Trente-cinq experts de 13 pays se sont réunis aux Açores pour faire le point sur l'état actuel de ce groupe et identifier les espèces présentant un risque d'extinction à l'avenir, afin de favoriser la mise en place de pratiques plus durables. Les premières conclusions de cet atelier soulignent les inquiétudes grandissantes qui existent pour plusieurs espèces de mérous et, en particulier, celles fortement exploitées lors des agrégations de reproduction. Il a également été mis en exergue le besoin urgent de recueillir des données plus précises et plus fiables sur les pêcheries de mérous et de gérer beaucoup plus efficacement ces populations que ce qui est fait aujourd'hui si nous voulons qu’elles survivent demain.
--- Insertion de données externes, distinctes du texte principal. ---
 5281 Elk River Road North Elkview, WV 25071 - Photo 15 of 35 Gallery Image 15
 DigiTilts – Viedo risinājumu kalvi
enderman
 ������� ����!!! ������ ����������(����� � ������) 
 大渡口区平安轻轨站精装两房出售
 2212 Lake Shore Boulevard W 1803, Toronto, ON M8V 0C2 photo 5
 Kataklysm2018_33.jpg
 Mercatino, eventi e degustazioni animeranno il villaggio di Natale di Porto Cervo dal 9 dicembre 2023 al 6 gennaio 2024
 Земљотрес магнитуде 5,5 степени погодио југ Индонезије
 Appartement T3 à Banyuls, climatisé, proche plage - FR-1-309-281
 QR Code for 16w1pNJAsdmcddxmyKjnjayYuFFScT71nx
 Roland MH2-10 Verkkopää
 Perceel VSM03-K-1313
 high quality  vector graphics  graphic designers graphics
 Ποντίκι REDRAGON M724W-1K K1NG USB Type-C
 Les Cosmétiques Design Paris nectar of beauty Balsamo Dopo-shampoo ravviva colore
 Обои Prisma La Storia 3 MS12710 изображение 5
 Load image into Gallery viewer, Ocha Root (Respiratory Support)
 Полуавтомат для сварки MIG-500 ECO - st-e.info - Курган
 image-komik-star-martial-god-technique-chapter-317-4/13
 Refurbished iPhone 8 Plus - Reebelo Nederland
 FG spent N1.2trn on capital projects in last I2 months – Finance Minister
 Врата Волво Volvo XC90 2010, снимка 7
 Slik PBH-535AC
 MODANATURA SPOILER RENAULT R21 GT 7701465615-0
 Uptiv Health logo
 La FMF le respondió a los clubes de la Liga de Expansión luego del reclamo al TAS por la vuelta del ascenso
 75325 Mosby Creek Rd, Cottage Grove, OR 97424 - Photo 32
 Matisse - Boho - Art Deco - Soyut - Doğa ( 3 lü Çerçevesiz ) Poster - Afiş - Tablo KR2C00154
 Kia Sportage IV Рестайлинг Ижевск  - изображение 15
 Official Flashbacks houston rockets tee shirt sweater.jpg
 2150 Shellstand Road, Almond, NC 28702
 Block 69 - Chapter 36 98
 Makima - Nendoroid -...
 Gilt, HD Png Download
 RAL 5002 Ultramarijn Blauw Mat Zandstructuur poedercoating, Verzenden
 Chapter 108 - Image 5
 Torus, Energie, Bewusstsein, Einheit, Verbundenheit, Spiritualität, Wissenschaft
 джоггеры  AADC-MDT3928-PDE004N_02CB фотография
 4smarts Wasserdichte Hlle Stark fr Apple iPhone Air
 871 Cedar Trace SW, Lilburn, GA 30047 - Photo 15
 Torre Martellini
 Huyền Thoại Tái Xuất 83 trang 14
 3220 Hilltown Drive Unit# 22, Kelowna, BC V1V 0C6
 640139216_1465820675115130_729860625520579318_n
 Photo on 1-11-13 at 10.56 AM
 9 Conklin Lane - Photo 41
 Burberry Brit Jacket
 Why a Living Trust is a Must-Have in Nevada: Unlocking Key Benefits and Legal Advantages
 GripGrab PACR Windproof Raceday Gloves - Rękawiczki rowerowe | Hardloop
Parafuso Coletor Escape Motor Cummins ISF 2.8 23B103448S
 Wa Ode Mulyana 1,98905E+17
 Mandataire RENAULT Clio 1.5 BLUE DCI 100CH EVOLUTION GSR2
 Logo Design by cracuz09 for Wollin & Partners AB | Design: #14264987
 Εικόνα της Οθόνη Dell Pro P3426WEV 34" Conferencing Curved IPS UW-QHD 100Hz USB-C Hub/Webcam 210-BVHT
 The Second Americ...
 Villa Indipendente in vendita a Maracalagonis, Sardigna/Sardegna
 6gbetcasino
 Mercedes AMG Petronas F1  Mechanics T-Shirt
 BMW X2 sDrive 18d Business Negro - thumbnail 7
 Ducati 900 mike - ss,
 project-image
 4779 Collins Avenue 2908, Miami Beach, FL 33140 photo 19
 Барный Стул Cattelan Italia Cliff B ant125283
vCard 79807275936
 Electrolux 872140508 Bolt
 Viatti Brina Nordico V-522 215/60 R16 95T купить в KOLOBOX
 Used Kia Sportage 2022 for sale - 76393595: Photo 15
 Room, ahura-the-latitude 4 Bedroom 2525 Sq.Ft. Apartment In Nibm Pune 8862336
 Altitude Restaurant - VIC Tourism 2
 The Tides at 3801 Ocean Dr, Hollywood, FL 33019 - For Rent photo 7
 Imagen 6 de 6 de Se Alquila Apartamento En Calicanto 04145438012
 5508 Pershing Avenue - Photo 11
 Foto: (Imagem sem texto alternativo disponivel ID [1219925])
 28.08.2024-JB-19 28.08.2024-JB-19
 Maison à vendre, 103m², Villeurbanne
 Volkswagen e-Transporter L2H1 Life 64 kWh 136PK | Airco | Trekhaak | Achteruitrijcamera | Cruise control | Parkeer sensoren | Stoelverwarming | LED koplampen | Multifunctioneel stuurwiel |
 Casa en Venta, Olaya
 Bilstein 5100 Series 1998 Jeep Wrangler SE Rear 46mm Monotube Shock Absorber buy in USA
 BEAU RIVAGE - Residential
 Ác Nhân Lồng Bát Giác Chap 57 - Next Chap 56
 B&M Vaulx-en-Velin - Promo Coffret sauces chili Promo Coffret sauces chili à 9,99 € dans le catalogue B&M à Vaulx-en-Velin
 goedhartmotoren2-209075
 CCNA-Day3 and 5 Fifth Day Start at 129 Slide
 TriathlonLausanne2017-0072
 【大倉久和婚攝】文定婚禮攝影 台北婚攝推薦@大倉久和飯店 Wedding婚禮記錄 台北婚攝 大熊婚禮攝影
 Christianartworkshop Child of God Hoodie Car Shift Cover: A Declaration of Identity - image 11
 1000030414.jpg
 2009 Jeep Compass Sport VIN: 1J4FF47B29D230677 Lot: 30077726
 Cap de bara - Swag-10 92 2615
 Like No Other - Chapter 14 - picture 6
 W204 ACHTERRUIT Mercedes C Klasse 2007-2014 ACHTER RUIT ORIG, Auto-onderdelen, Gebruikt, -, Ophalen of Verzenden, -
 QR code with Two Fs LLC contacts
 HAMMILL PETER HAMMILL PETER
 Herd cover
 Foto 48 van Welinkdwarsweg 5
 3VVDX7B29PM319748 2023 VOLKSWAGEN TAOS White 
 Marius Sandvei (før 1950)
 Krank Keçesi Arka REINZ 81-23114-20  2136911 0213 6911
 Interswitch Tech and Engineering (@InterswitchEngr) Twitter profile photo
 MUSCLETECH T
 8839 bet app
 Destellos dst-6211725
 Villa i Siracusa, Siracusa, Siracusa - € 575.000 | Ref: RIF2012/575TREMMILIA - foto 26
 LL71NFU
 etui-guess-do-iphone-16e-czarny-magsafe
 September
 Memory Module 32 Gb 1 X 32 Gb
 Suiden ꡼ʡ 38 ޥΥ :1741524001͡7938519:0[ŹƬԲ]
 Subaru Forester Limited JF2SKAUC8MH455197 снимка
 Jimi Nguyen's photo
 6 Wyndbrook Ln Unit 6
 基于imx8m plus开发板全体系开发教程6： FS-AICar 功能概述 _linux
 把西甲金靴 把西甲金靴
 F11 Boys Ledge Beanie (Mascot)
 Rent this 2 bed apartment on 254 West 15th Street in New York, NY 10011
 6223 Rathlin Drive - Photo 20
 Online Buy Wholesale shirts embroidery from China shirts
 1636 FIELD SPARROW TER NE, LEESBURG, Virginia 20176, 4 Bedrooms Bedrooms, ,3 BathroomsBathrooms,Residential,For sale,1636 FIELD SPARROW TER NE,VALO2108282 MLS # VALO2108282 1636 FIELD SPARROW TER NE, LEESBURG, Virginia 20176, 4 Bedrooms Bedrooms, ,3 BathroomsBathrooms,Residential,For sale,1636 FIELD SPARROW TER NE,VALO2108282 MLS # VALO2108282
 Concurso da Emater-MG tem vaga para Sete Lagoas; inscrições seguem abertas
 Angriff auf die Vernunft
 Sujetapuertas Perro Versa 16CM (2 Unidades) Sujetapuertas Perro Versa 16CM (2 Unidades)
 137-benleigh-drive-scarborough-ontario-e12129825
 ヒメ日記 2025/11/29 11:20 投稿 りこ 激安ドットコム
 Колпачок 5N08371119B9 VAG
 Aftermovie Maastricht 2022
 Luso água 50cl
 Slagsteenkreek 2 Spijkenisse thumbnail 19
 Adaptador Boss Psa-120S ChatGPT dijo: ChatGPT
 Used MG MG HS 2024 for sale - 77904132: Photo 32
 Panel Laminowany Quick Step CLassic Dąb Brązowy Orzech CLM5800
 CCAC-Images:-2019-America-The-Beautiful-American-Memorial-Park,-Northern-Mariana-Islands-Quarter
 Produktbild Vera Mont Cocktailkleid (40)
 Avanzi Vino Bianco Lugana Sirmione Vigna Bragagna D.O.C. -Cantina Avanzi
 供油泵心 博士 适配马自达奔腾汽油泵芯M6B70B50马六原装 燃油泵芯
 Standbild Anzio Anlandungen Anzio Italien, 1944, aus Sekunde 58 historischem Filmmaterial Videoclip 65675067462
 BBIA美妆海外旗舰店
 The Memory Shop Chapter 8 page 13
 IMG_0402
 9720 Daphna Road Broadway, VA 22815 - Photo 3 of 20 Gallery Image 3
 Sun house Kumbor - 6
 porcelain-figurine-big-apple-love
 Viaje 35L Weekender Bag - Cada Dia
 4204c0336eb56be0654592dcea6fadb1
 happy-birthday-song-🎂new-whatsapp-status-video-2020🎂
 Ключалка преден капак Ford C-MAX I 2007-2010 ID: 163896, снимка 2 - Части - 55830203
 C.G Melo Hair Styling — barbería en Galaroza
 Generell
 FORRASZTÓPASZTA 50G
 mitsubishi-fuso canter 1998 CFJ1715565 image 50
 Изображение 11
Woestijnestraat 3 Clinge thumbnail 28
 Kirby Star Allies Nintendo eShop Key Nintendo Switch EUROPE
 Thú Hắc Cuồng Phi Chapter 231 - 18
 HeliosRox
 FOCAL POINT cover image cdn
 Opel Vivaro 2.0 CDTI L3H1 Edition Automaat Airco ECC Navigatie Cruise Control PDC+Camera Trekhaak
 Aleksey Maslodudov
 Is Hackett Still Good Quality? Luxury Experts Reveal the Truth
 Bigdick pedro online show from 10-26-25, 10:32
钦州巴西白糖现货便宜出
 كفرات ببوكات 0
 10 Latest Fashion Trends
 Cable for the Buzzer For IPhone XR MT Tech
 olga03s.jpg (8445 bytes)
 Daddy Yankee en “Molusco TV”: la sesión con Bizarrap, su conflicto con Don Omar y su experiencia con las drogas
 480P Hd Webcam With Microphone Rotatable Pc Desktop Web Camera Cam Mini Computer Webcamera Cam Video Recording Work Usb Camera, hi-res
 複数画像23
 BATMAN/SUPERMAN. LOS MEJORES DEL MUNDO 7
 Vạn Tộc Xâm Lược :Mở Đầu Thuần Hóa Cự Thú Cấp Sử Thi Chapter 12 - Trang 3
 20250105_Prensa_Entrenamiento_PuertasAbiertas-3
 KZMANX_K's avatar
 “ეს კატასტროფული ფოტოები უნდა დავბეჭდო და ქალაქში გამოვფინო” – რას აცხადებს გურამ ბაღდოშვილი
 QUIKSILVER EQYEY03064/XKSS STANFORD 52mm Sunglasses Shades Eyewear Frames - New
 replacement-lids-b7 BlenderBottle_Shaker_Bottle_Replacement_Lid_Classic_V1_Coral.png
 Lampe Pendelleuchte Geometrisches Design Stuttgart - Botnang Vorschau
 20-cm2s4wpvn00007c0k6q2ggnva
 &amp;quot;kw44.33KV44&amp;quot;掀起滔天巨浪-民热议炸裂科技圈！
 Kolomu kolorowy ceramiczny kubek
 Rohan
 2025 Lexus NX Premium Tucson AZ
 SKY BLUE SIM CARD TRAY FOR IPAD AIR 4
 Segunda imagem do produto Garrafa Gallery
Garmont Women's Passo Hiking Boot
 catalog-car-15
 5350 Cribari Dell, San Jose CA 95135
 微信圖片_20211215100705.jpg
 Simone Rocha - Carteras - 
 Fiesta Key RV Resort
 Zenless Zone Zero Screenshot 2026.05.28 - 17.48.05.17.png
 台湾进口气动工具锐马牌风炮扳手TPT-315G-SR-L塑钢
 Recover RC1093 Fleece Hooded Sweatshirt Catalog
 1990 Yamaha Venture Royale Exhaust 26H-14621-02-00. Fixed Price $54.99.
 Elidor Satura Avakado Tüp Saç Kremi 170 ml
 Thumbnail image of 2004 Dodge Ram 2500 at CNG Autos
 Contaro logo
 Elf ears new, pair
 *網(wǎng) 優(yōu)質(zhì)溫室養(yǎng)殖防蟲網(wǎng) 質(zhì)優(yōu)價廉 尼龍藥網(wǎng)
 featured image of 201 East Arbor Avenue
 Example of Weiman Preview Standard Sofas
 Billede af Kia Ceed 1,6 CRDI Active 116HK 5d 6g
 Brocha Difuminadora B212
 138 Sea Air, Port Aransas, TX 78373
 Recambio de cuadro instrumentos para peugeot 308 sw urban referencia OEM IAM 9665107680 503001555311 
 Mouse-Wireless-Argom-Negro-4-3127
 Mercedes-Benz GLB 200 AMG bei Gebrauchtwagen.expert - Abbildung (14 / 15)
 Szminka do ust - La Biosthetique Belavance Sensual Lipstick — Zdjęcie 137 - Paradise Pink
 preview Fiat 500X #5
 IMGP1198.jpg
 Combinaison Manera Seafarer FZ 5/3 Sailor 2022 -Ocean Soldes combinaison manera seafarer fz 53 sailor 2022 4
L'atelier a été co-organisé par le GWSG, l’Institut de Recherche Marine (IMAR) de l'Université des Açores et le Centre de Sciences Marines et Environnementales (MARE) et a été généreusement financé par la Ocean Park Conservation Foundation (Hong Kong), le Bin Zayed Fund, l'Université de Hong Kong et le Gouvernement régional des Açores.

Qu’en est-il en Méditerranée et dans le proche Atlantique ?

En Méditerranée, le mérou brun, le mérou royal, la badèche sont les espèces les plus connues; dans le proche Atlantique, il s’agit du mérou blanc ou thiof. Importantes écologiquement comme prédateurs de haut niveau trophique, ces espèces sont aussi importantes économiquement pour la pêche (le thiof au Sénégal par exemple) ou pour l’économie liée au tourisme sous-marin (le mérou brun par exemple en Méditerranée). Le dernier atelier de la GWSG a considéré qu'au niveau mondial, le statut du mérou brun restait “en danger”, le niveau intermédiaire entre les espèces vulnérables et les espèces en danger critique d’extinction. De même, le statut global du mérou blanc a été évalué comme “presque menacé”, le niveau juste avant “vulnérable”. Toutefois, localement, le statut peut être différent, comme par exemple au Sénégal où le déclin des pêcheries de mérous blancs est spectaculaire et où l’espèce doit être considérée comme en danger. Les conclusions définitives du GWSG seront publiées courant 2017, mais en vue des prochaines réévaluations, un travail important de synthèse des connaissances, notamment en termes d’impact des pêcheries, devra être fait pour ces espèces de Méditerranée et du proche Atlantique.